The primary issue in enforcing these enactments is whether the actions authorized by statutes such as 14 U.S.C. § 89 and 19 U.S.C. § 1581 are overly intrusive of Fourth Amendment rights. The Supreme Court in Villamowte-Marquez holds that they are not. Perhaps Justice Brennan in his dissent capsules the holding of the court best when he states:

The Court today holds ... that police on a roving, random patrol may stop and board any vessel, at any time, on any navigable waters accessible to the open sea, with no probable cause or reasonable suspicion to believe that there has been a crime or a border crossing, and without any limits whatever on their discretion to impose this invasion of privacy.

In Villamonte-Marquez, customs officers, accompanied by Louisiana State policemen, were patrolling the Calcasieu River Ship Channel, some eighteen miles inland from the Gulf coast when they sighted a forty-foot sailboat anchored on the west side of the channel. A customs officer and an officer of the Louisiana State Police, admittedly without a reasonable suspicion of unlawful activity, boarded the vessel and asked to see the vessel’s documents. While examining the documents offered for examination, the customs officers smelled burning marijuana and, looking through an open hatch, observed what subsequently proved to be 5800 pounds of baled marijuana. The two individuals on the sailboat were arrested and subsequently convicted in United States District Court of conspiracy to import marijuana. The Fifth Circuit Court of Appeals reversed the convictions, finding that the boarding of the sailboat was not reasonable under the Fourth Amendment in the absence of a reasonable suspicion of a law violation. The Supreme Court granted certiorari because of a conflict among the circuits and because of “the importance of the question ... as it affects the enforcement of Customs laws.” M at 584, 103 S.Ct. 2573.

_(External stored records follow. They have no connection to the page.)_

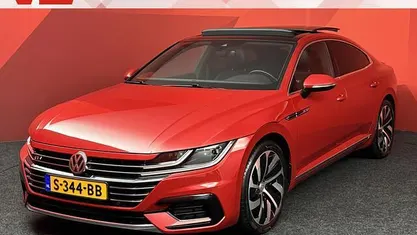 Occasion VW Arteon Business 190 PK (139 kW) 2018 Rood Hatchback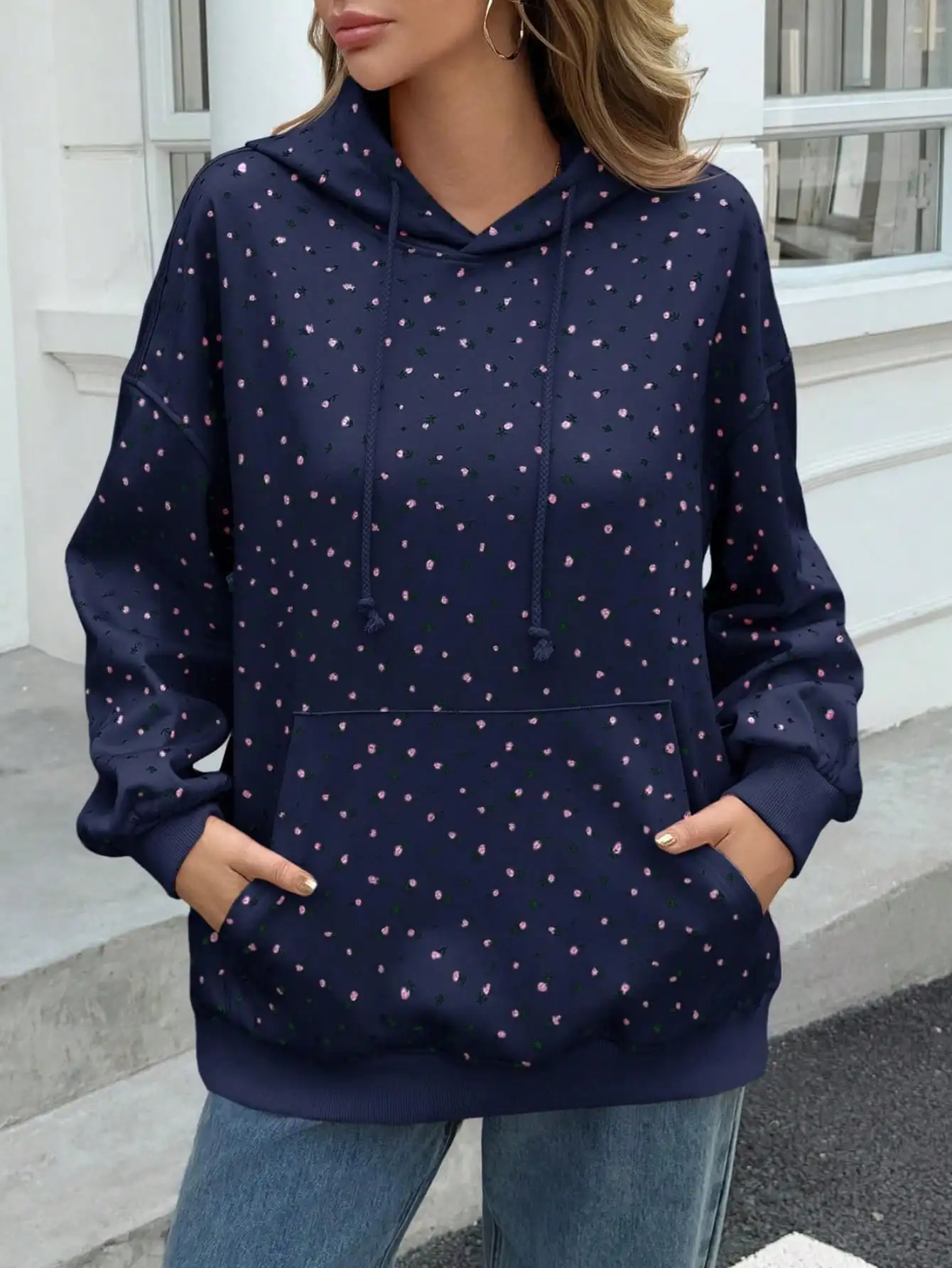 Sweat à capuche surdimensionné à imprimé floral Fisoew |   Pull graphique léger avec poche |   Sweat-shirt streetwear décontracté |   Vêtements d'automne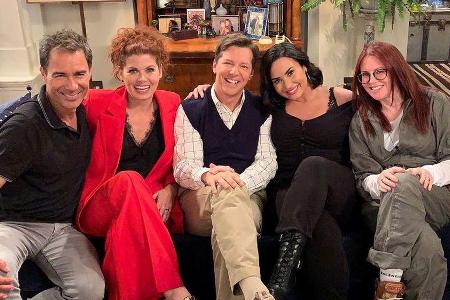 Strahlende Gesichter bei Eric McCormack (v.l.), Debra Messing, Sean Hayes, Demi Lovato und Megan Mullally Strahlende Gesichter bei Eric McCormack (v.l.), Debra Messing, Sean Hayes, Demi Lovato und Megan Mullally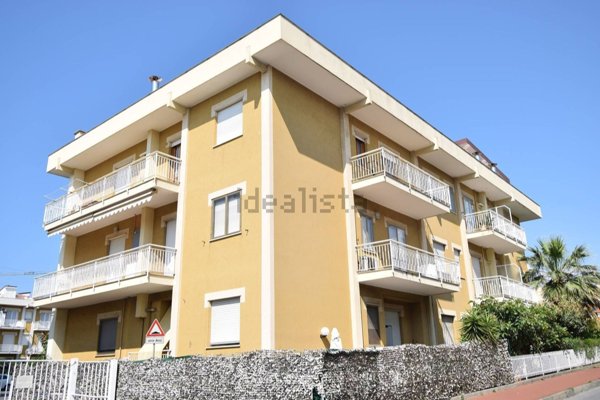 appartamento in vendita a Diano Marina in zona Calderina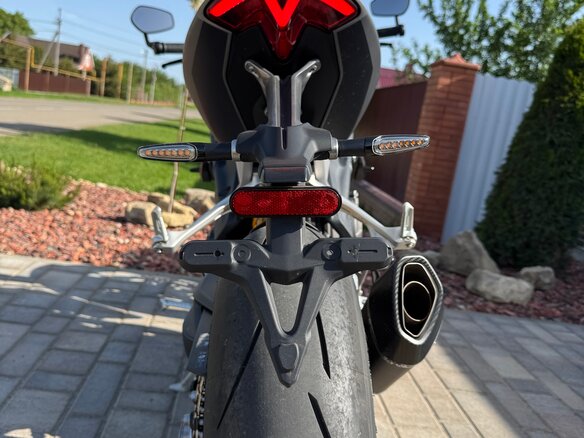 2022 Triumph Speed Triple, серый, 2000000 рублей - вид 5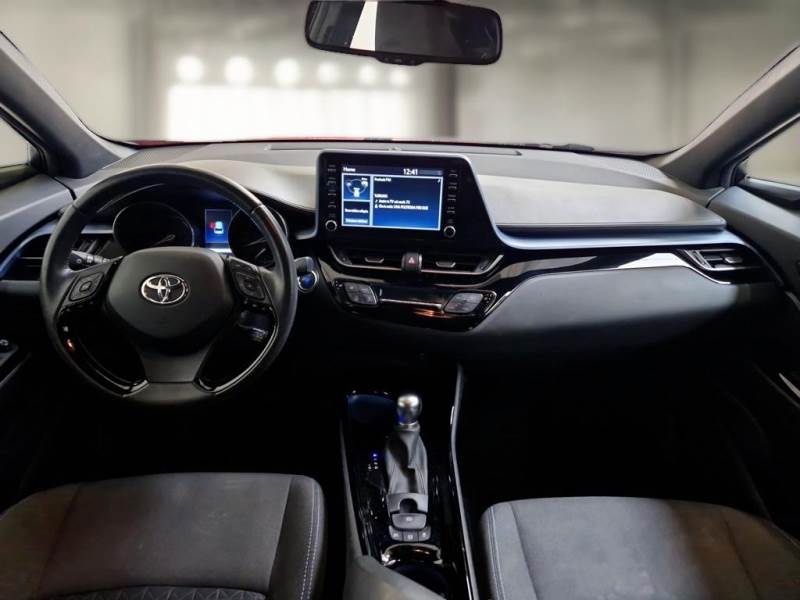 TOYOTA C-HR / 2019 / 5P / SUV 2.0H (184CV) E-CVT TREND photo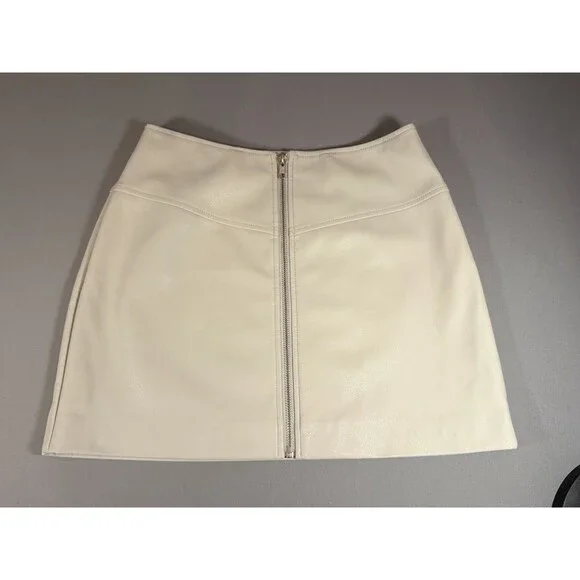 ASTR The Label Ecru Faux Leather Mini Skirt Small Zip Back - Picture 12 of 12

The Supreme Court reversed the holding of the Fifth Circuit and held that the boarding of the sailboat, even in the absence of a reasonable suspicion of unlawful activity, was a proper exercise of authority granted customs officers under the authority of 19 U.S.C. § 1581(a), and did not constitute an unreasonable encroachment on the parties’ Fourth Amendment rights. The Supreme Court explained its holding in part as follows:

Our focus in this area of Fourth Amendment law has been on the question of the ‘reasonableness’ of the type of governmental intrusion involved. ‘Thus, the permissibility of a particular law enforcement practice is judged by balancing its intrusion on the individual’s Fourth Amendment interests against its promotion of legitimate governmental interests.’ It seems clear that if the customs officers in this case had stopped an automobile on a public highway near the border, rather than a vessel in a ship channel, the stop would have run afoul of the Fourth Amendment because of the absence of articulable suspicion. But under the overarching principle of ‘reasonableness’ embodied in the Fourth Amendment, we think that the important factual differences between vessels located in waters offering ready access to the open sea and automobiles on principal thoroughfares in the border area are sufficient to require a different result here.
‡ ‡ H:
Quite apart from the aforementioned differences between waterborne vessels and automobiles traveling on highways, the documentation requirements with respect to vessels are significantly different from the system of vehicle licensing that prevails generally throughout the United States.
* * * *
The panoply of statutes and regulations governing maritime documentation are likewise more extensive and more complex than the typical state requirements for vehicle licensing; only some of the papers required need explicit mention here to illustrate the point.
Many of these vessels must also submit to periodic inspection by the Coast Guard and a ‘certificate of inspection’ must be kept on the vessel at all times. Smaller American vessels cannot be issued federal documentation papers, but under federal law each such vessel with propulsion machinery must have a state-issued number displayed on a ‘certificate of number’ that must be available for inspection at all times. Vessels not required to carry federal documentation papers also may be required to carry a state-issued safety certificate.
These documentation laws serve the public interest in many obvious ways and respondents do not suggest that the public interest is less than substantially furthered by enforcement of these laws. They are the linchpin for regulation of participation in certain trades, such as fishing, salvaging, towing, and dredging, as well as areas in which trade is sanctioned, and for enforcement of various environmental laws.
Requests to check certificates of inspection play an obvious role in ensuring safety on American waterways. While inspection of a vessel’s documents might not always conclusively establish compliance with United States shipping laws, more often than not it will.
While the need to make document checks is great, the resultant intrusion on Fourth Amendment interests is quite limited. While it does intrude on one’s ability to make ‘free passage without interruption,' it involves only a brief detention where officials come on board, visit public areas of the vessel, and inspect documents. ‘Neither the [vessel] nor its occupants are searched, and visual inspection of the [vessel] is limited to what can be seen without a search.’ Any interference with interests protected by the Fourth Amendment is, of course, intrusive to some degree. But in this case, the interference created only a modest intrusion.

[Citations omitted].

Villamonte-Marquez has, at least for now, settled the issue that the Fourth Amendment is not violated by the suspi-cionless boarding of vessels by customs officers to make document checks. Similarly, suspicionless pure Coast Guard boardings of vessels for the purpose of inspections for compliance with boating safety laws, and otherwise, has long been a practice accepted as being not unreasonably intrusive of boaters’ Fourth Amendment rights. United States v. Guillen-Linares, 643 F.2d 1054 (5th Cir.1981), decided prior to Villamonte-Marquez, lends validity to that observation.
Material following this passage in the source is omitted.